Appendix -- Why Add Type Annotations?
The argument between proponents of static typing and dynamic typing has been going on for many decades. Neither side is all wrong or all right. Python has traditionally fallen in the camp of extremely dynamic typing, and this has worked well for most users, but there are definitely some areas where adding type annotations would help.
- Editors (IDEs) can benefit from type annotations; they can call out obvious mistakes (like misspelled method names or inapplicable operations) and suggest possible method names. Anyone who has used IntelliJ or Xcode will recognize how powerful these features are, and type annotations will make such features more useful when editing Python source code.
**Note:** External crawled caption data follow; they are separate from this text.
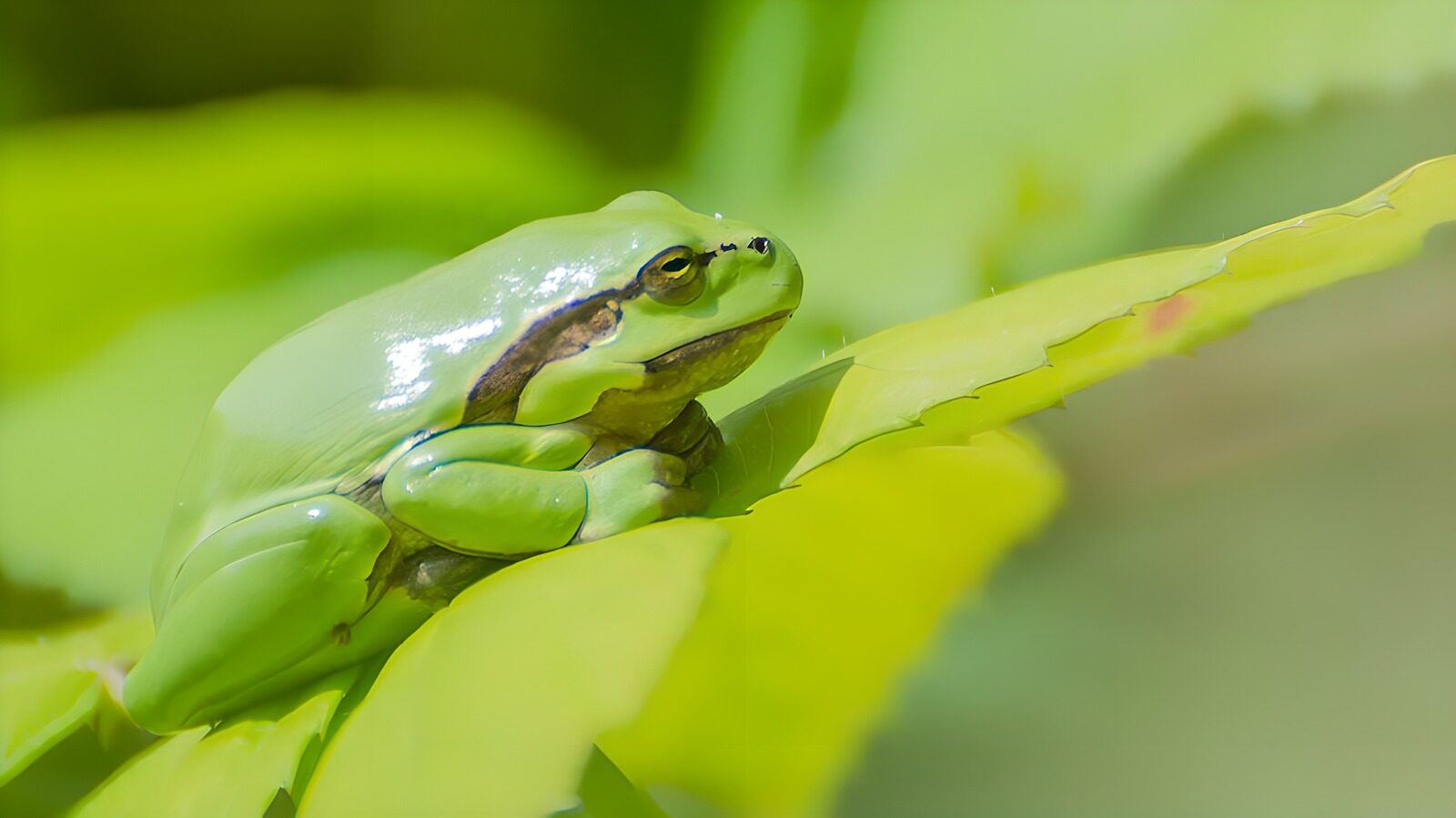 OCCOM2776272: Green Frog on Leaf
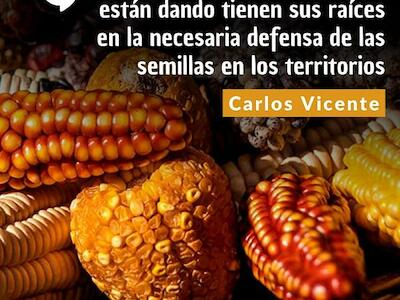 Semillas nativas y criollas en manos campesinas: la siembra de Carlos Vicente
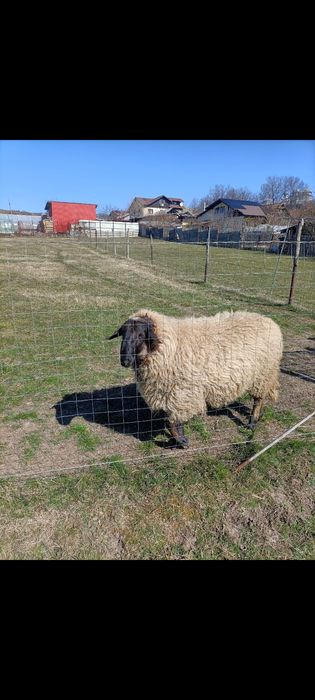Vând berbec Carabash.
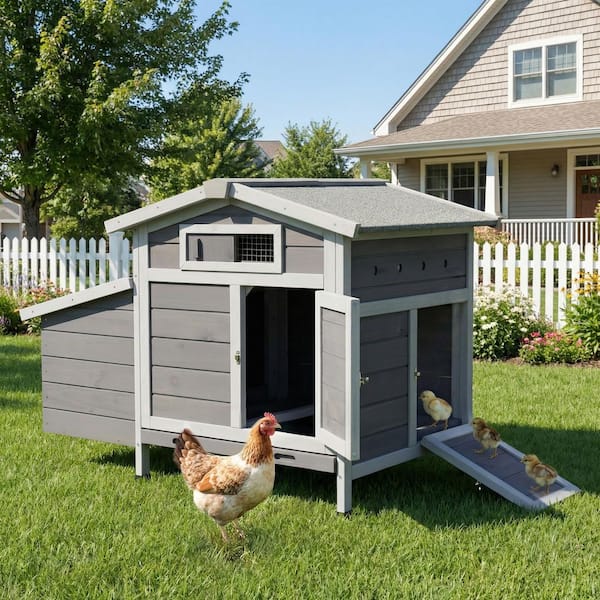 Outdoor Free-Range Wooden Chicken Coop with Asphalt Roof, Leak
- Linters are an important tool for teams developing software. A linter doesn't replace a unittest, but can find certain types of errors better or quicker. The kind of type checking offered by mypy works much like a linter, and has similar benefits; but it can find problems that are beyond the capabilities of most linters.
- Type annotations are useful for the human reader as well! Take the above word_count() example. How long would it have taken you to figure out the types of the argument and return value without annotations? Currently most people put the types in their docstrings; developing a standard notation for type annotations will reduce the amount of documentation that needs to be written, and running the type checker might find bugs in the documentation, too. Once a standard type annotation syntax is introduced, it should be simple to add support for this notation to documentation generators like Sphinx.
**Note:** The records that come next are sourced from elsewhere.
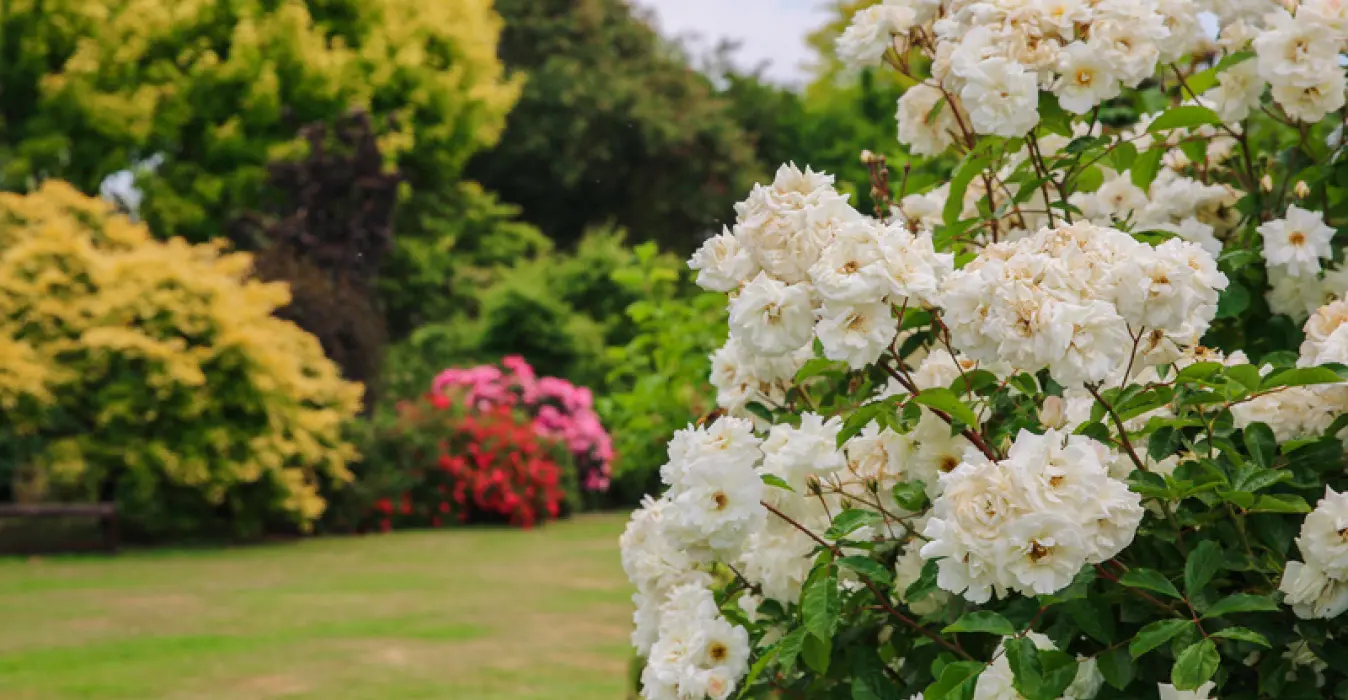 Jardin du Mesnil et Parc Botanique de Bray
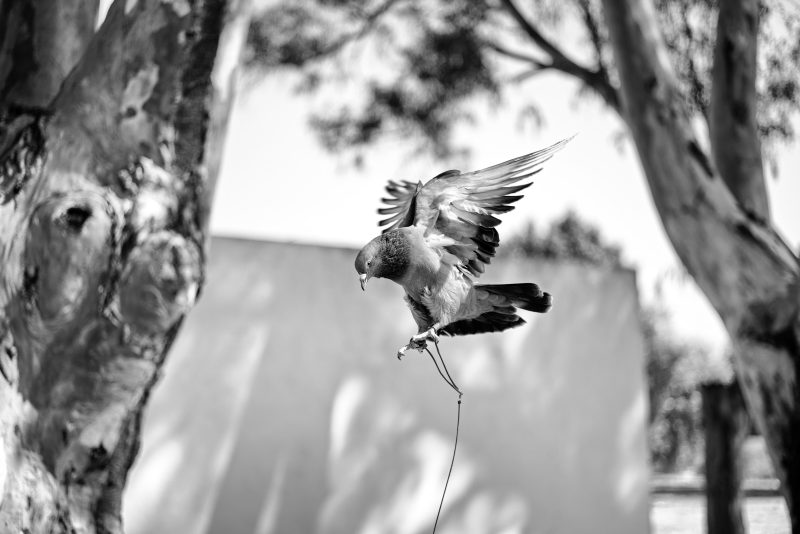 Fotografía de Alfonso Santos Alcalá — L1005182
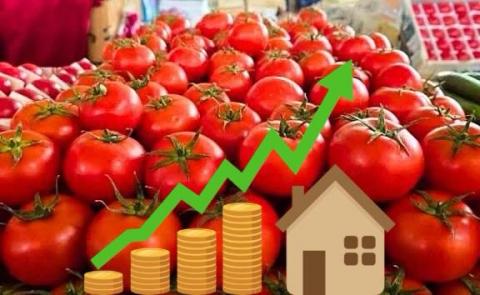 Jitomate tiene su mayor alza en 15 años; esto cuesta en Veracruz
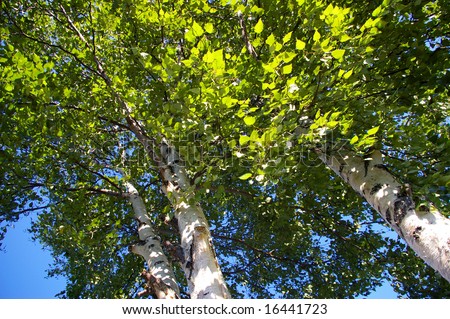 The Noise of the foliage.The Green foliage three birches rustles on winds.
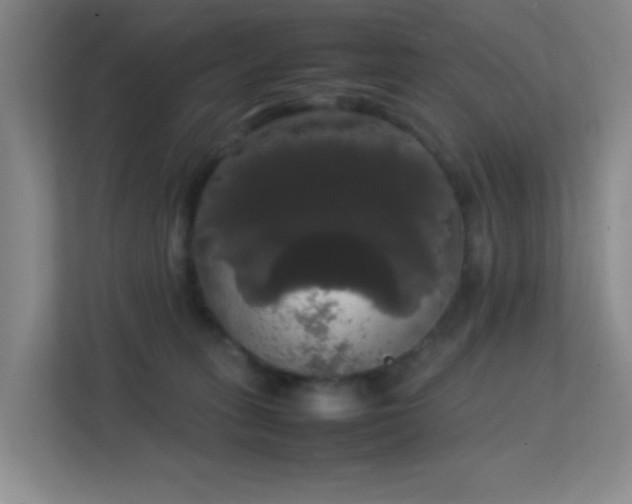 X0000113850275200909241254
- Refactoring. Bob's talk has a convincing example of how type annotations help in (manually) refactoring code. I also expect that certain automatic refactorings will benefit from type annotations -- imagine a tool like 2to3 (but used for some other transformation) augmented by type annotations, so it will know whether e.g. x.keys() is referring to the keys of a dictionary or not.
- Optimizers. I believe this is actually the least important application, certainly initially. Optimizers like PyPy or Pyston wouldn't be able to fully trust the type annotations, and they are better off using their current strategy of optimizing code based on the types actually observed at run time. But it's certainly feasible to imagine a future optimizer also taking type annotations into account.
-- --Guido "I need a new hobby" van Rossum (python.org/~guido)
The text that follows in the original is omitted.